He proceeded to a doctoral degree at the University of Memphis, where, working with respected graph theorist Béla Bollobás, he presented a solution of the reconstruction problem for abelian groups, including the necklace problem. Whilst at Memphis, he invented the board game Intersect.
In 2001 he was offered and accepted a junior research fellowship at his alma mater, Trinity College, Cambridge. Before returning to take up residence in Cambridge, he completed a year's research at the Institute for Advanced Study in Princeton, New Jersey and did a few weeks of work over the summer for Microsoft Research in Seattle, Washington. He is now a full-time resident fellow of Trinity College, specialising in combinatorics.
Dr. Pebody's noteworthy contributions to his field include:
- "Ramsey theory in graphs" (public lecture at Trinity College, Cambridge, 1997)
- "Contraction-deletion invariants for graphs" (with Béla Bollobás and Oliver Riordan) (J. Combin. Theory Ser. B 80 (2000) 320-345)
- "On combinatorial reconstruction" (public lecture at the University of Memphis, 2001)

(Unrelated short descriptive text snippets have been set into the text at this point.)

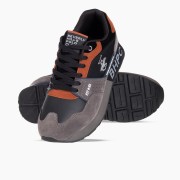 Beverly Hills Polo Club Ανδρικά sneakers 426.W24HM6853-C ΓΚΡΙ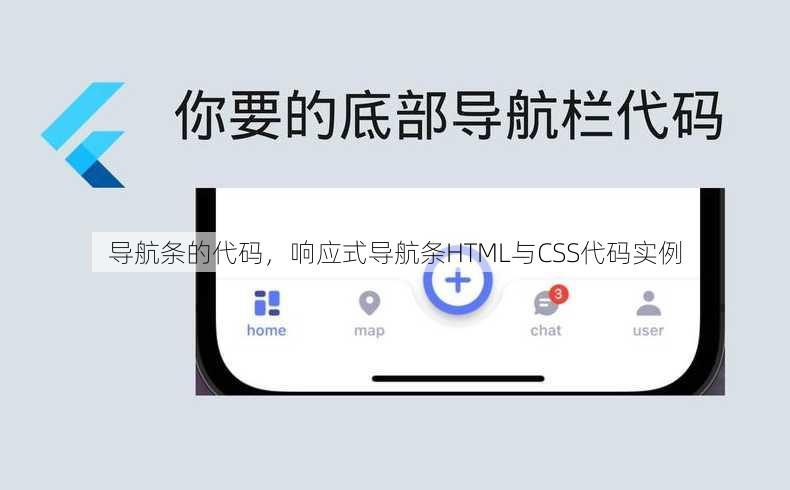 导航条的代码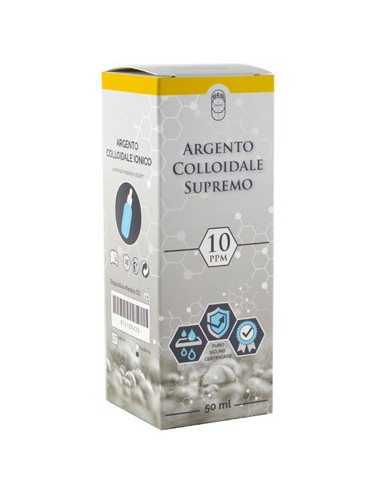 ARGENTO COLL SUPR 10PPM 50ML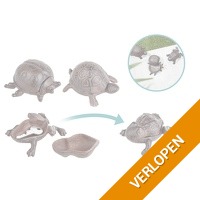 HI sleutelverbergplaats dierenfiguren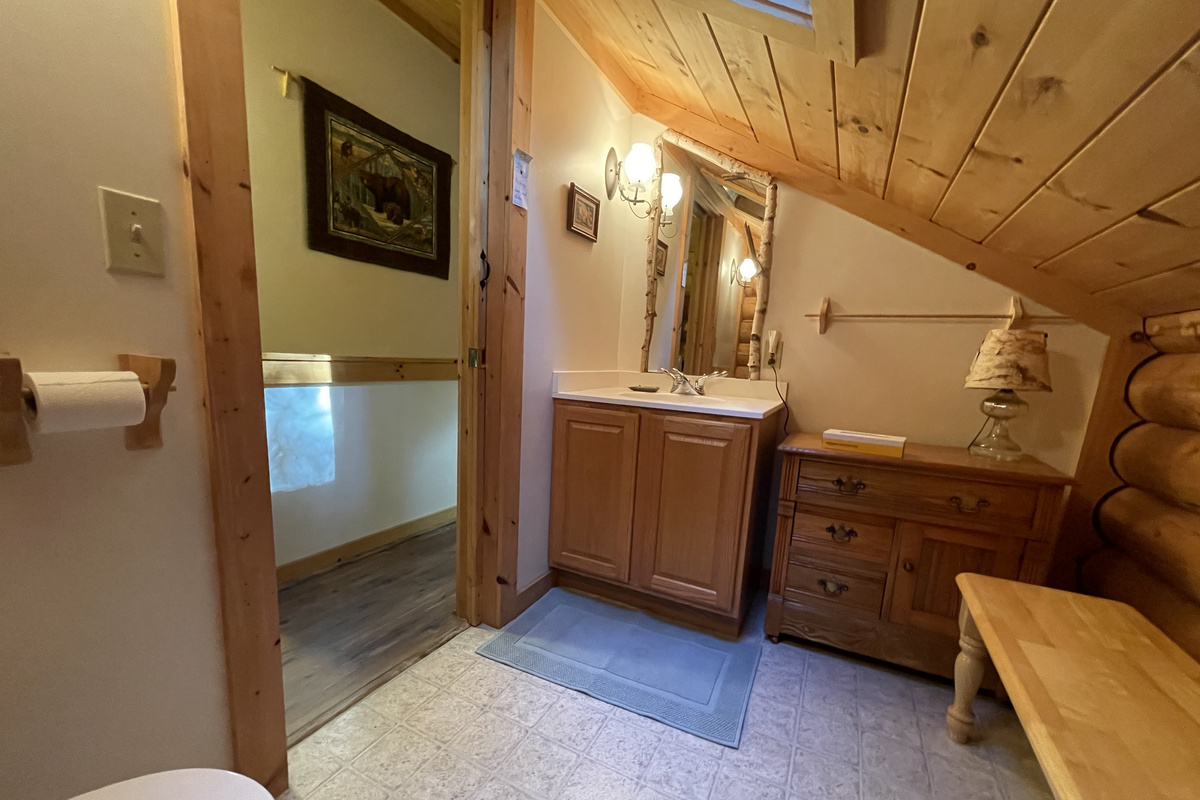 Second Floor Bathroom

- "A state-space representation of the HOMFLY polynomial" (with Béla Bollobás and David Weinreich) (Contemporary Combinatorics, Bolyai Society Mathematical Studies 10, 2002) PDF download (http://www.gettysburg.edu/~dweinrei/research/homfly.pdf)
- "Combinatorial reconstruction using invariant polynomials" (public lecture at the Institute for Advanced Study, 2002)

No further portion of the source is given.